Novak Djokovic will add another former top player to his coaching team next week.
The 30-year-old Serbian confirmed on Saturday that former World No. 7 Mario Ancic will join him, along with Andre Agassi, during the fortnight at Wimbledon. Djokovic said he has long known Ancic, who grew up in neighbouring Croatia, and that the two have stayed in touch since the three-time ATP World Tour titlist had to retire in 2011 because of health problems, including complications from mononucleosis.
“He’s one of the closest friends I’ve ever had on the tour,” Djokovic said. “He was always a very nice guy, very smart… We always had that mutual respect and appreciation for one another.”
Ancic, 33, started a new career after tennis, earning his law degree from Columbia University in 2013. He now works as an investment banker with Credit Suisse in New York. But Djokovic said the two haven’t agreed on any long-term arrangement, and that Ancic, like Agassi, will help out when he’s available.
“He was to be in London for his own commitments, so he’s going to use the opportunity to be with me. Whether we’re going to build from there a long-term relationship or not, we’ll see,” Djokovic said.
The World No. 4 discussed adding Ancic with Agassi, who agreed that the Croatian would be a good addition. Agassi first joined Djokovic at Roland Garros earlier this season but has an array of obligations, including his family and his own foundation, that will limit how much time he can spend with Djokovic.
“[Agassi] is probably going to come on the biggest tournaments, and whenever he has free time in the schedule, he’s going to come and support me and help me out,” Djokovic said.
Ancic will help fill in the gaps, Djokovic said. “We have made a conclusion that we need someone next to Andre that is going to be maybe more frequently with me and more often at the small tournaments or maybe some practice weeks and so forth. Mario was the perfect guy. At the moment he was definitely on top of my list, and Andre agrees as well,” Djokovic said.

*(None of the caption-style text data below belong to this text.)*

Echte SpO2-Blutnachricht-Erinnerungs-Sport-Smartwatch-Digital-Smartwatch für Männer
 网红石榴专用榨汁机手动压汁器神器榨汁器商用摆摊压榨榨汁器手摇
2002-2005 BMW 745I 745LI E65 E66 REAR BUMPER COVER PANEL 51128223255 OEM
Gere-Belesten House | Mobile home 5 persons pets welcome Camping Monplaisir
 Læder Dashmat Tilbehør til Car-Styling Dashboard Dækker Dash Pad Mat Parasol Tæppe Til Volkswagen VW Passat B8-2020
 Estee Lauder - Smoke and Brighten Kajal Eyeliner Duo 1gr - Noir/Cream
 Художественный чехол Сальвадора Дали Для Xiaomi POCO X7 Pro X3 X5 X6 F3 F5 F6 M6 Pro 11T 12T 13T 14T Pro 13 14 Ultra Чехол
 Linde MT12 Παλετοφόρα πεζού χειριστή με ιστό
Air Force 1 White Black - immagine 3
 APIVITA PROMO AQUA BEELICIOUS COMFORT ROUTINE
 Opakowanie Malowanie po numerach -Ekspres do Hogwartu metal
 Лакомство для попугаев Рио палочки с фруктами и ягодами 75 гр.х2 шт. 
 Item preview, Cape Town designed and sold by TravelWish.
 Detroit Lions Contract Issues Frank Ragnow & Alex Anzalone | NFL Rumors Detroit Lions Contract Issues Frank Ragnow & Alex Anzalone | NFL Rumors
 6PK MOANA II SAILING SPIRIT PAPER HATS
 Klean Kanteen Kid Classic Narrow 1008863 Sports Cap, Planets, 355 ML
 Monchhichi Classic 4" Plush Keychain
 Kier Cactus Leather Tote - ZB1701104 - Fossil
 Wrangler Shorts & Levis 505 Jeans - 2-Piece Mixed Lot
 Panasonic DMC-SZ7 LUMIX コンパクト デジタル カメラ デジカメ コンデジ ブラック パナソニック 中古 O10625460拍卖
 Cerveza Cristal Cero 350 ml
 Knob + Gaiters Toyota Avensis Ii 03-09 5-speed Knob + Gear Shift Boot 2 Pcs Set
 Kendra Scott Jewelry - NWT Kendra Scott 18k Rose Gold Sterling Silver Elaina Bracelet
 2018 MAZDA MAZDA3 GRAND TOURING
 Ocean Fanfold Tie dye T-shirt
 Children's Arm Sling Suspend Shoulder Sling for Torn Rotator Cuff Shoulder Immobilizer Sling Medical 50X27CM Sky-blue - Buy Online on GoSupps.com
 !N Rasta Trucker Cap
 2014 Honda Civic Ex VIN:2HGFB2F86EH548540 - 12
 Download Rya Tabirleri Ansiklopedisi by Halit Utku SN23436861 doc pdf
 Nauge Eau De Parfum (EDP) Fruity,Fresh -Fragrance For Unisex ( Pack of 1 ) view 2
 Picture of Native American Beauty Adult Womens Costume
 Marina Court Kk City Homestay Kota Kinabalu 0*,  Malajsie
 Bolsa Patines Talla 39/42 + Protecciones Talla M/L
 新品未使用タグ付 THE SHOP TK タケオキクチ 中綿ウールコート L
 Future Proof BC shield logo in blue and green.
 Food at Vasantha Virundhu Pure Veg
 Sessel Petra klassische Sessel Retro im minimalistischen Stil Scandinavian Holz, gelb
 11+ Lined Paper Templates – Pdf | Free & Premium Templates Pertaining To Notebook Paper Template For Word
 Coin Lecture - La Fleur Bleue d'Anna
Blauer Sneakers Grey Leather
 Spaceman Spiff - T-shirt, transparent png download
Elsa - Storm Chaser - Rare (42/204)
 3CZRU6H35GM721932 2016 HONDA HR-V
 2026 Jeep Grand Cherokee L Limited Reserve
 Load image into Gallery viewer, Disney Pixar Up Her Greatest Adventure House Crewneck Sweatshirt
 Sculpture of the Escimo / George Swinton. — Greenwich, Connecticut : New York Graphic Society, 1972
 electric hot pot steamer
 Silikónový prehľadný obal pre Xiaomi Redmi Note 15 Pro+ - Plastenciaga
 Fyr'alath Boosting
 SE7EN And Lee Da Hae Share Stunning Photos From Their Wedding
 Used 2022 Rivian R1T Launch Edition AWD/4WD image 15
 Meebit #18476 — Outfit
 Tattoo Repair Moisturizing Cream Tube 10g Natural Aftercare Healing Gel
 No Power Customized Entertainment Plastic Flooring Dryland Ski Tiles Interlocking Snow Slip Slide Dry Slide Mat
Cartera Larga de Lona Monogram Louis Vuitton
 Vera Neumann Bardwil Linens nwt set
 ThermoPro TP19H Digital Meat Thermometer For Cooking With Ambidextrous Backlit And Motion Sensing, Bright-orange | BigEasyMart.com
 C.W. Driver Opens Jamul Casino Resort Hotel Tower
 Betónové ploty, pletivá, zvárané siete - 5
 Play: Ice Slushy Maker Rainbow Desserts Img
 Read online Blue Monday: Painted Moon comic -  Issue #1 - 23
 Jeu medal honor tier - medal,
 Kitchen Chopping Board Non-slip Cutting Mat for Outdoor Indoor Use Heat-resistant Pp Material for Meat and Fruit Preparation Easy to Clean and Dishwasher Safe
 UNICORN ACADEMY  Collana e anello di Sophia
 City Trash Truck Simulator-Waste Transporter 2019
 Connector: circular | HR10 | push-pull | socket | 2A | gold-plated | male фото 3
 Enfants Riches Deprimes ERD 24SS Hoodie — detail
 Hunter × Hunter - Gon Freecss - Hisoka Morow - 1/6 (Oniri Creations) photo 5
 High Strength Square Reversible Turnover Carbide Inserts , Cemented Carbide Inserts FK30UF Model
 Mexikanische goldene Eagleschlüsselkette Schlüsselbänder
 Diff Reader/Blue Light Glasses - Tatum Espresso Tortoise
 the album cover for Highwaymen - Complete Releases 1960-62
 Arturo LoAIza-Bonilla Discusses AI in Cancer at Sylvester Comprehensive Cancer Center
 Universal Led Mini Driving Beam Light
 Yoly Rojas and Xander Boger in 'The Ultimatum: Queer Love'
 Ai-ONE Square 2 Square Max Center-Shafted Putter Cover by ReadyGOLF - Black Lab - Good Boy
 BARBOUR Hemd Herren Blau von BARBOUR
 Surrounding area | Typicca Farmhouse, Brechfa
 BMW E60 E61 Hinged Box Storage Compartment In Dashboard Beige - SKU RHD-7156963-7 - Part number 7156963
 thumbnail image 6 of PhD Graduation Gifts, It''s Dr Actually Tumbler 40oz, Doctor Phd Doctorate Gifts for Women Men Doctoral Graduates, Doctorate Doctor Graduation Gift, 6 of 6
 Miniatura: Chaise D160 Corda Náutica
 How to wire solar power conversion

The Belgrade native begged off the suggestion that he should just work with someone who could travel and coach full-time. “I don’t like things easy,” Djokovic said, smiling. “I have certain criteria, I would say, for the profile of a person that is going to be next to me. It’s not just anyone who was on the tour. Everyone has their own preferences. I’m looking to have someone that fits into the values that I stand for and not just in sport but in life in general. Andre and Mario are there for a reason, and I’m very grateful to have them.”
It’s the fourth coaching announcement Djokovic had made during the past eight months. In May, Djokovic parted ways with his long-time coach Marian Vajda, having also split with Boris Becker at the end of 2016.
Perhaps Ancic will be able to share some unique insight at Wimbledon. In 2002, Ancic, then World No. 154, knocked out No. 9 Federer in the first round, which remains the last time Federer lost in his opener at the Grand Slam event. Ancic also reached the Wimbledon semi-finals (2004, l. to Roddick) and the quarter-finals twice (2006, l. to Federer; 2008, l. to Federer).
Djokovic, a three-time Wimbledon champion, is the second seed and will face Slovakian Martin Klizan in the first round.